A few months ago, Reliance Asset Management Company (AMC) and SBI AMC came out with their equity saving schemes. In the past few weeks, fund houses such as Axis AMC and TATA AMC have launched similar products.
Sundaram AMC and IIFL AMC have filed offer documents with the Securities and Exchange Board of India to launch equity saving schemes.
These funds will have equity exposure in the range of 65-90%, which includes equity and equity related instruments and arbitrage opportunities.
The remaining 10-35% will be invested in debt segments, which can include long- as well as medium-term papers.
Industry players say, even in arbitrage, the fund would invest in stocks as well as index futures to generate returns.
Dinesh Kumar Khara, MD & CEO, SBI AMC, said: “The SBI Equity Savings Fund offers investors a blend of equity, arbitrage and debt in a single fund. Investors can get the growth potential of equity, income opportunity from the fixed-income portion and tax-efficiency in its returns. The fund is suited for investors looking for tax-efficient returns with lower volatility than regular equity-based funds.”

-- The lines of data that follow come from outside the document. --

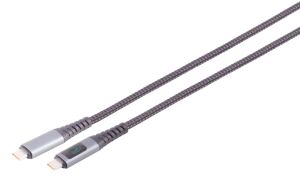 USB-C Ladekabel 2.0 240W PD mit Display 0,5m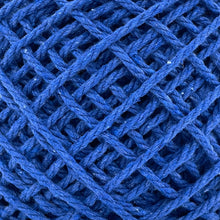 Cargar imagen en el visor de la galería, Cuerda Algodón Mini 2mm Makrama 150gr Azul Rey
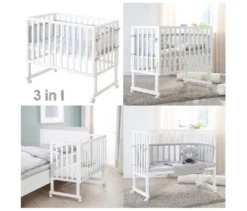 roba 3-in-1-Stuben-Beistellbett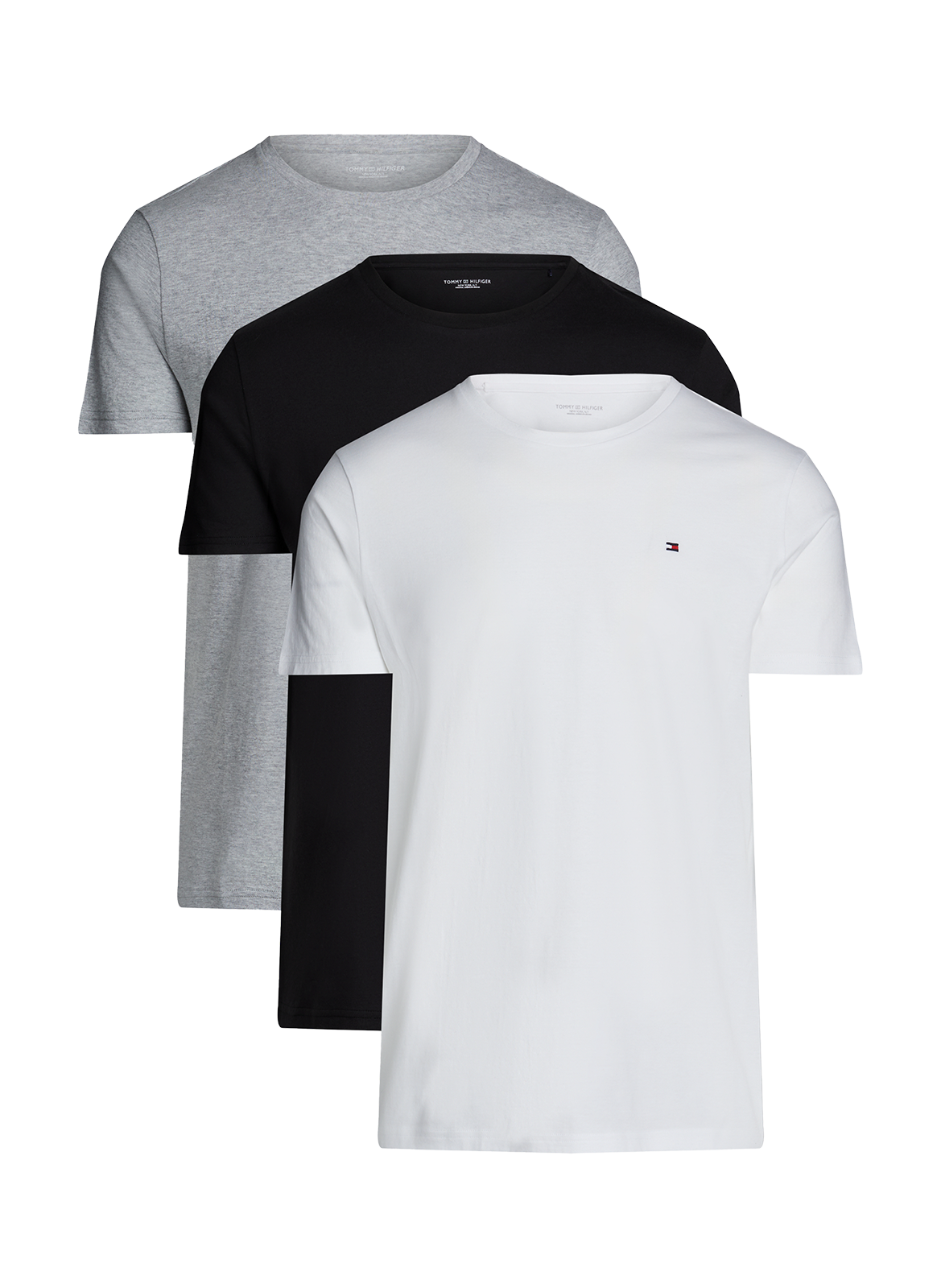 Set of 3 cotton t-shirts TOMMY HILFIGER Multicolour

Marketing officer of a top fund house said: “These funds are best suited for investors who wants less volatility in the portfolio and monthly payments. Investors who are looking at investment horizon of 1-3 years should invest in such schemes ,which can give them returns better than short-term debt funds.”
However, some players caution that these funds would give high returns only if there are good arbitrage opportunities. When arbitrage opportunities are low, such funds could lag.